(Brief descriptive captions)
* * * *

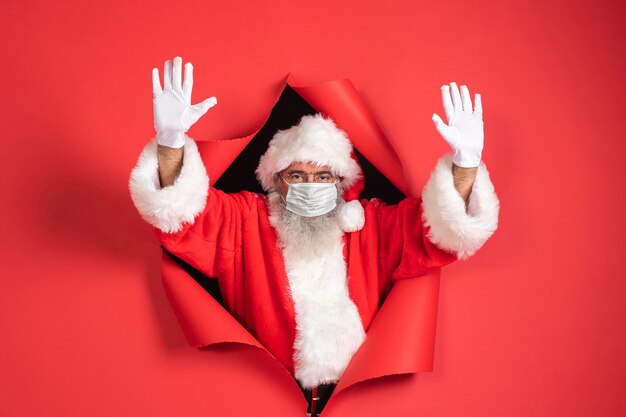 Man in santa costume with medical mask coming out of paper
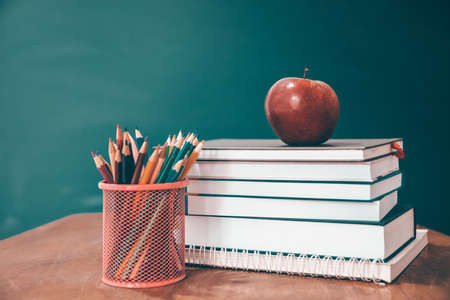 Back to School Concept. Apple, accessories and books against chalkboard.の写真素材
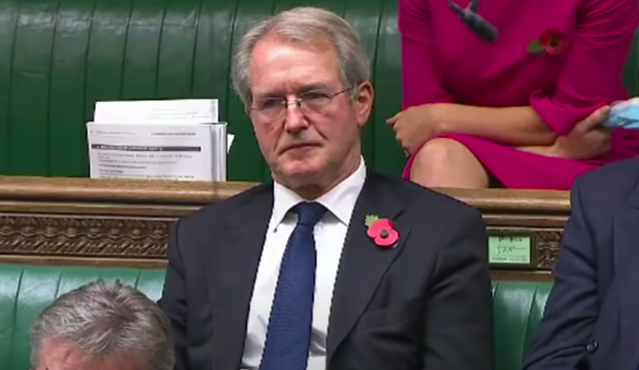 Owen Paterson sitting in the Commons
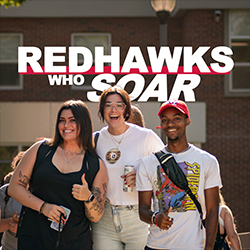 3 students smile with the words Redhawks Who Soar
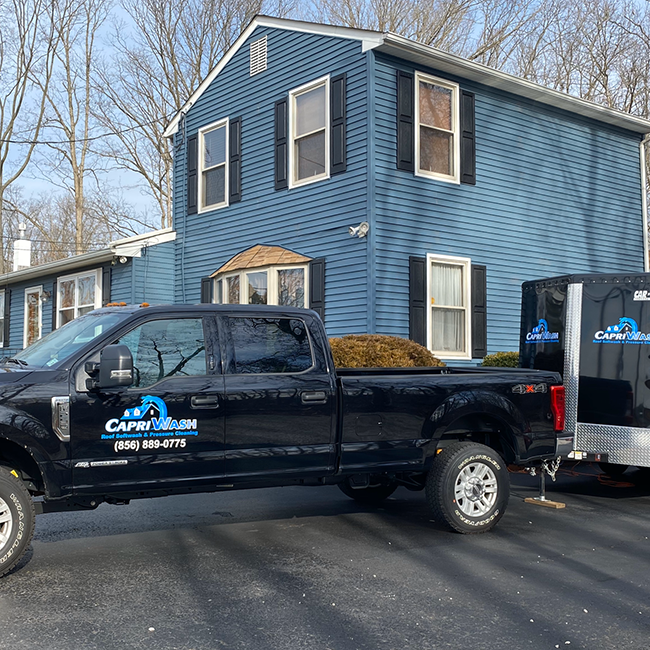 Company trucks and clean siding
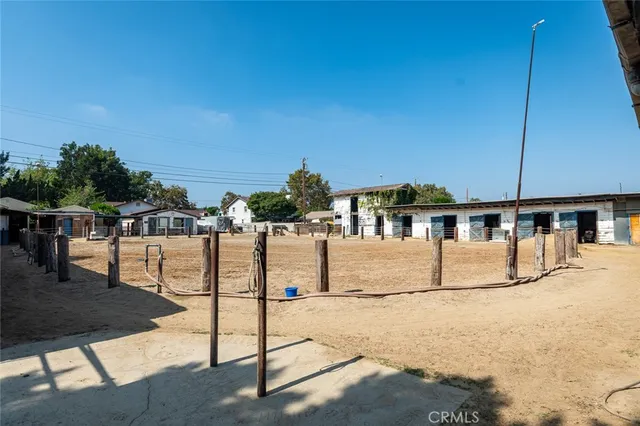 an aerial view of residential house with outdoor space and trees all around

* * * *

__Task item__: An exact, picture-free copy of the entries is required.

__Expected answer__:
 Man in santa costume with medical mask coming out of paper
 Back to School Concept. Apple, accessories and books against chalkboard.の写真素材
 Owen Paterson sitting in the Commons
 3 students smile with the words Redhawks Who Soar
 Company trucks and clean siding
 an aerial view of residential house with outdoor space and trees all around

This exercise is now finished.